Dependencies ( numpy , scipy , tweepy and textblob).
- Intermediate knowledge about python programming.
Resources
- https://textblob.readthedocs.io/en/dev/
- https://www.quora.com/How-does-sentiment-analysis-work-generally
- http://cs224d.stanford.edu/syllabus.html
- https://learnpythonthehardway.org/
Difficulty
- Intermediate
Tutorial Contents
Python For Data Science (#2)- Natural Language Processing
hello guys,
In this tutorial we're going to learn how to write a python script that uses Twitter to understand how people are feeling about a topic that we choose using the natural language library text blob
in python it will be capable to search twitter for a list of tweets about any topic that we want and then analyze each tweet to see how positive or negative it's emotion is based on the analysis and data.
Setup (installing required dependencies) :-
If you haven't installed textblob
and you want to do it then you can check out this link, it has all the information regarding installation of the textblob
library . First create a directory in which you can run tests and predict using coded Python file. The first step will obviously be opening the code editor.
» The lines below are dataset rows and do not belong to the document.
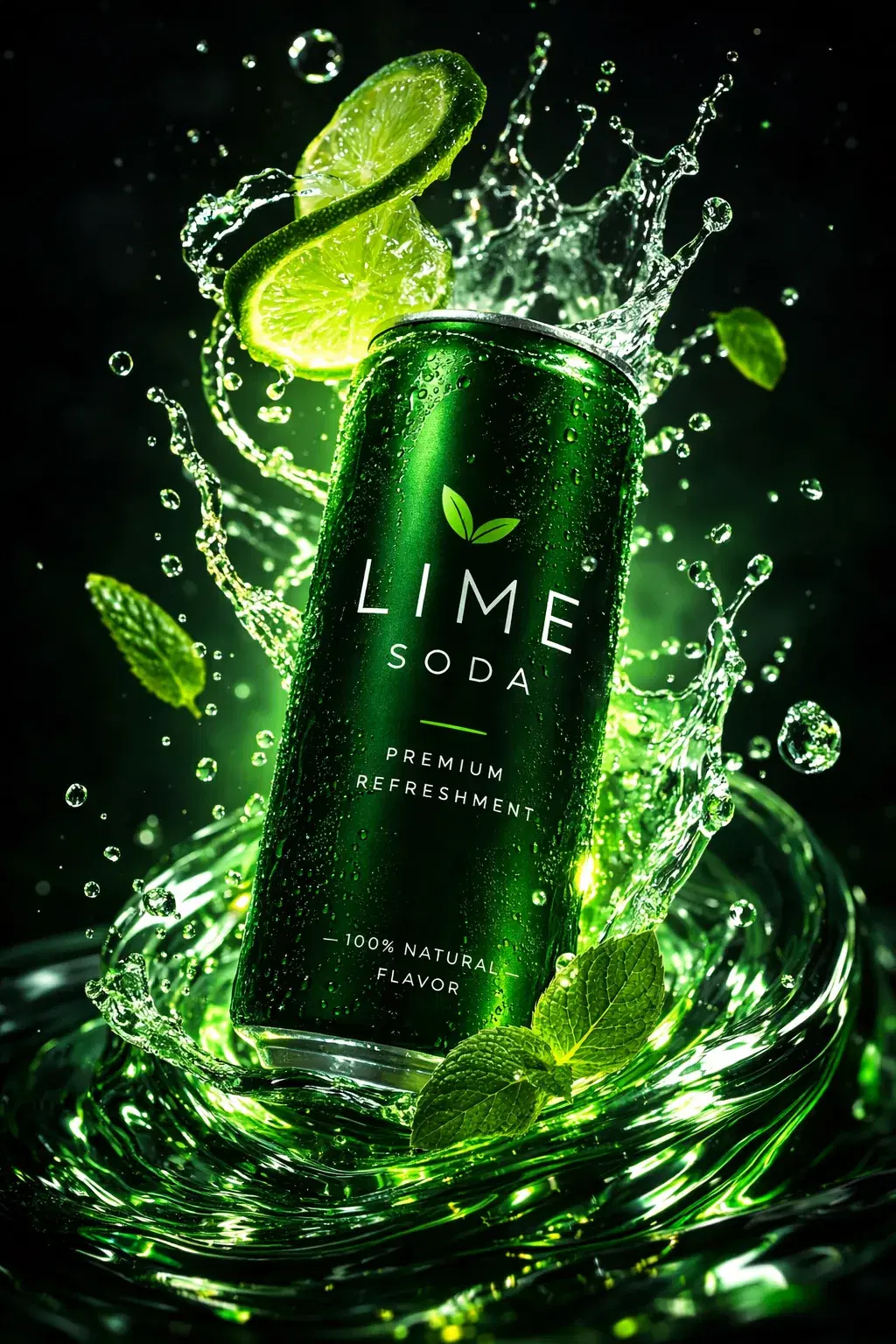 Neon Lime Soda Splash Product Advertisement - Gallery 2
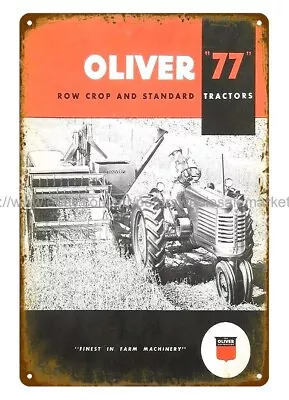 Home Decor Vases 1951 THE OLIVER ROW-CROP STANDARD 77 TRACTOR Metal Tin Sign • $18.89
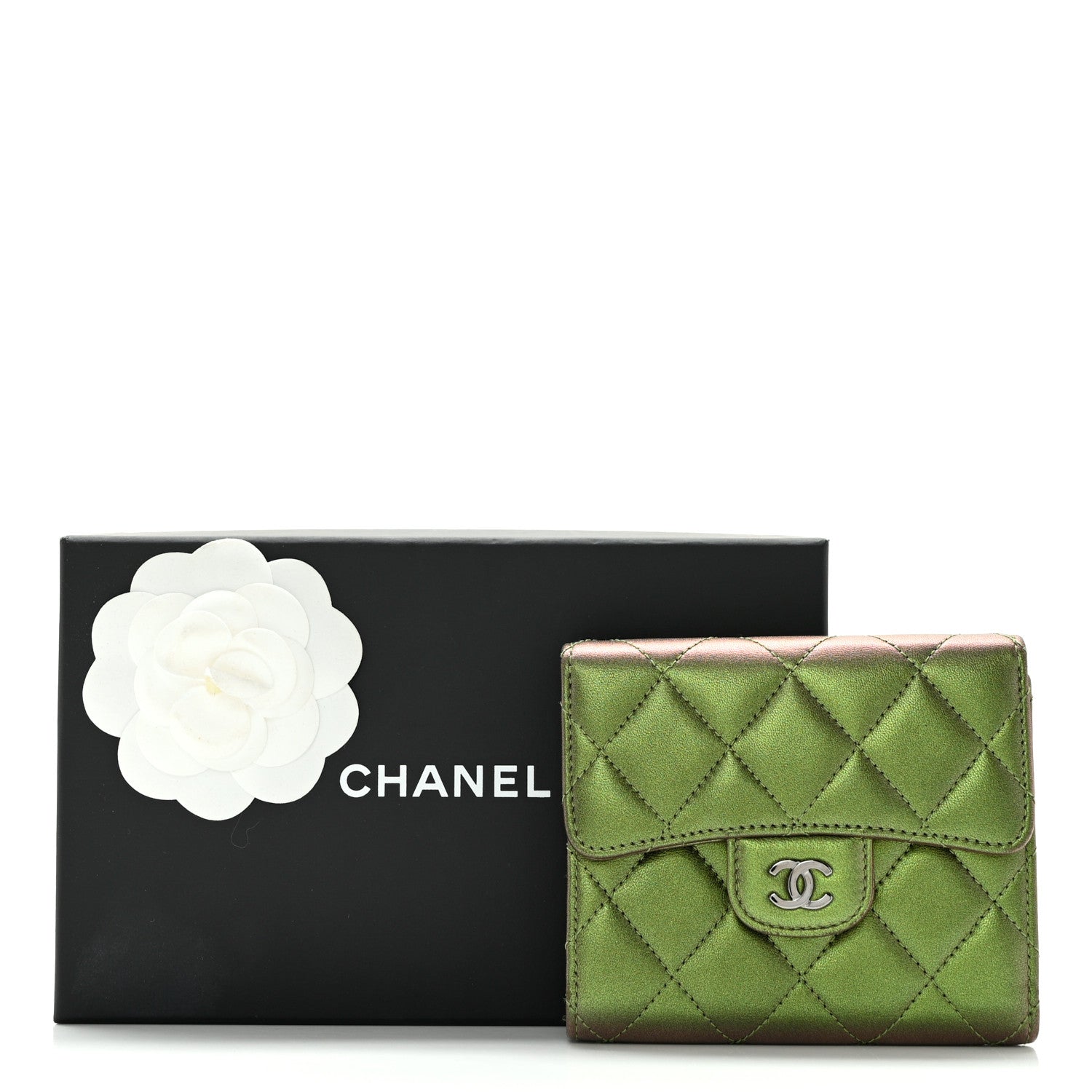 Chanel Iridescent Lambskin Quilted Small Compact Wallet Green 13 of 13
After opening the code editor you will need to import required module from textblob(package) which you can do by typing from textblob import TextBlob
.
Sentiment Analysis
So, how does sentiment analysis work well when we receive some input text (like a tweet or status) well first we want to split it up into several words or sentences this process is called tokenization because we're creating small tokens from big texts we can just count the number of times each word shows up once a text is tokenized this is called the bag of words model then we could look up the sentiment value for each word from a sentiment lexicon that has it all pre-recorded to classify the total sentiment value of the input data or text.
"The more data we train it on or pass ,the more accurate the Sentiment Analysis output will be."
Sentiment Analysis using twitter with textblob
Well you might be thinking why we are using twitter as our data resource , it is because to perform sentiment analysis we need the data or text that consist of emotion and sentiments and twitter is a treasure trove of sentiment's , people around the world output thousands of reactions and opinions on every topic under the sun every second of every day it's like one big psychological database that's constantly being updated and we can use it to analyze millions of tech snippets in seconds with the power of machine learning.
So our process will be to register to access Twitter's API and install our dependencies (tweepy) then write our sentiment analyzer script.
let's start by signing up to use Twitter's API an API or application programming interface is a gateway that lets you access some servers internal functionality in our case Twitter so we'll be able to read and write tweets right into our app using Twitter's API let's sign up for it in the browser first we want to make sure that we have our own Twitter account set up with a verified phone number attached to it once we have that we can create our first Twitter app.
we'll select the create new app icon and type in a name and description of our app as well as a website the website field is kind of like a liberal arts degree it doesn't really matter then we can click the Create button at the bottom and our app is created.
we can click on our app and go to the keys and access tokens tab we're going to need to use these keys in our script to let us authenticate or verify our identity with Twitter.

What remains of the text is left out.